I told you those plotty details about Martin having a terminal illness and being obsessed with how he can influence his son's life after his death in order to introduce this quote, from when he is selling the bookstore his wife and he used to run in Teheran before things went bad:

"Then he found an empty packing box and took it to the English language section. Javeed would have ten million electronic books to choose from, but Martin still wanted to pass on something from his own century. From the novels he picked out The Grapes of Wrath, Animal Farm, Catch-22, and Slaughterhouse-Five; from non-fiction, The Diary of Anne Frank, Down and Out in Paris and London, and The Gulag Archipelago. He was tempted to go on and fill the box to its rim, but once he started fretting over omissions he knew there’d be no end to it."

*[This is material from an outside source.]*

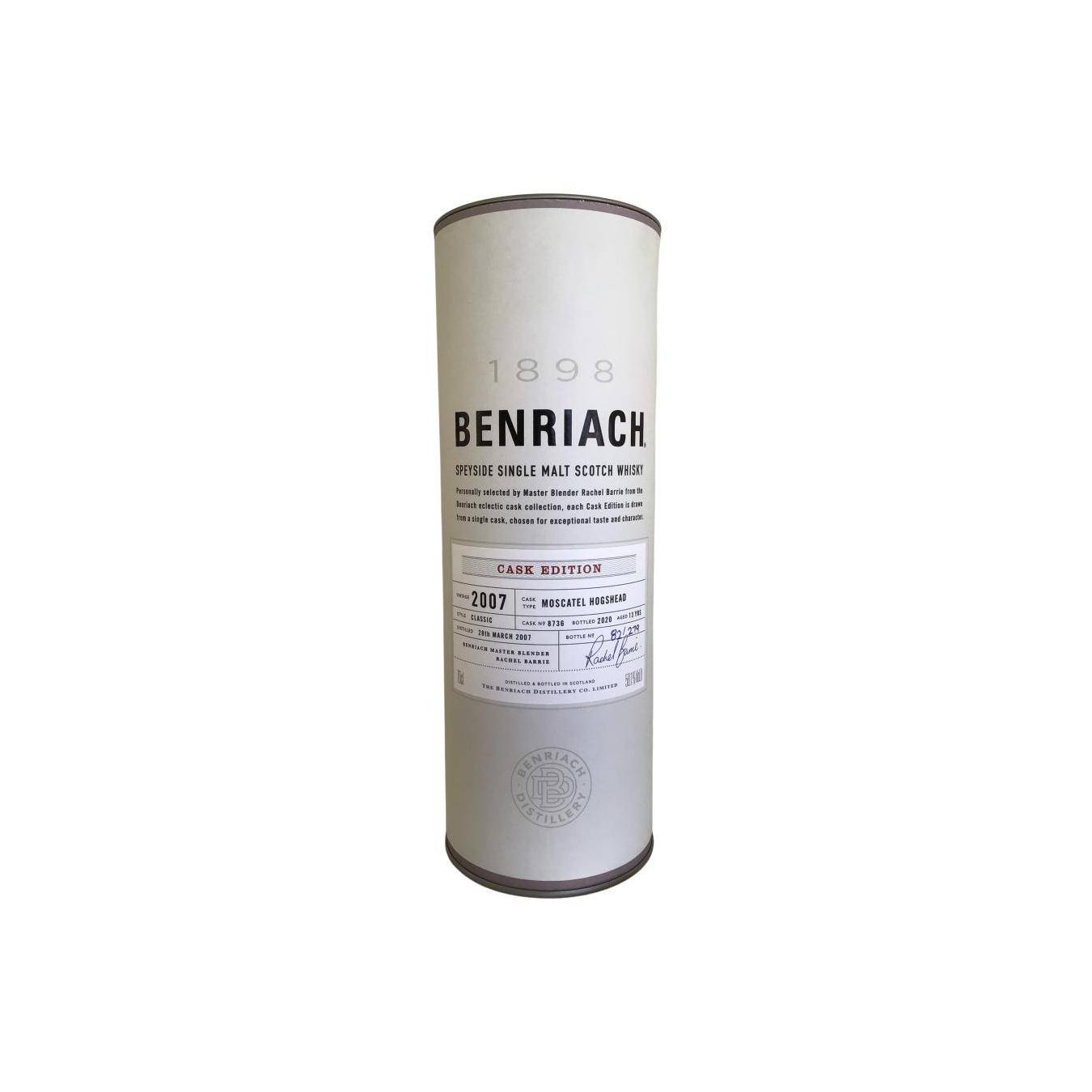BenRiach 2007 13 Years Single Malt Whisky 2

Okay, I agree they're all good books. Very worthy. But- if you dear departed father left you a box of books like that, wouldn't you say he was a bit - emo? Isn't the overall effect a teensy bit bleak?[1] He's basically telling his kid: 'life sucks, then you die.'  Sheesh, Martin...

This got me thinking what seven books I would put in such a box, keeping to Martin's balance of fiction/non-fiction and English/translations-into-English, and I came up with these:

A Connecticut Yankee in King Arthur's Court - Mark Twain
Marianne, the Magus and the Manticore - Sheri S. Tepper
The Cyberiad - Stanislaw Lem
Diaspora - Greg Egan

Selected essays 1934-1943 - Simone Weil
St Thomas Aquinas - G. K. Chesterton
How to Make our Ideas Clear - Charles Peirce

Each of those fiction books has a good mix of comedy and tragedy, profound thinky bits and purely exhilarating entertaining bits, and breathes something of the potential of the sentient spirit, despite being written by wildly different people with wildly different ideas. IMHO.

For the non-fiction, Weil and Chesterton both write about the battle for the soul of Languedoc. The worldviews they approach it with are diametrically opposed. They disagree about absolutely everything in European history. But, they are both clear, logical, passionate, uplifting, and convincing in their arguments that there were truths and beauties in Mediaeval civilisation that modern civilisation has lost to our detriment. Together they provide a sense of perspective that will do Javeed a lot better service than a focus at the maggoty horrors of the 20th century. And to complete the balance, Peirce gives a razor-sharp exposition of the one thing in our civilisation that makes it unequivocally better than the old days. He, too, is clear, logical, passionate and uplifting.


[1]: They are all also strangely limited in time. They are all productions from humanity's dark night of the soul, the nightmare decades at the dead heart of the short shithouse century, 1914-1991.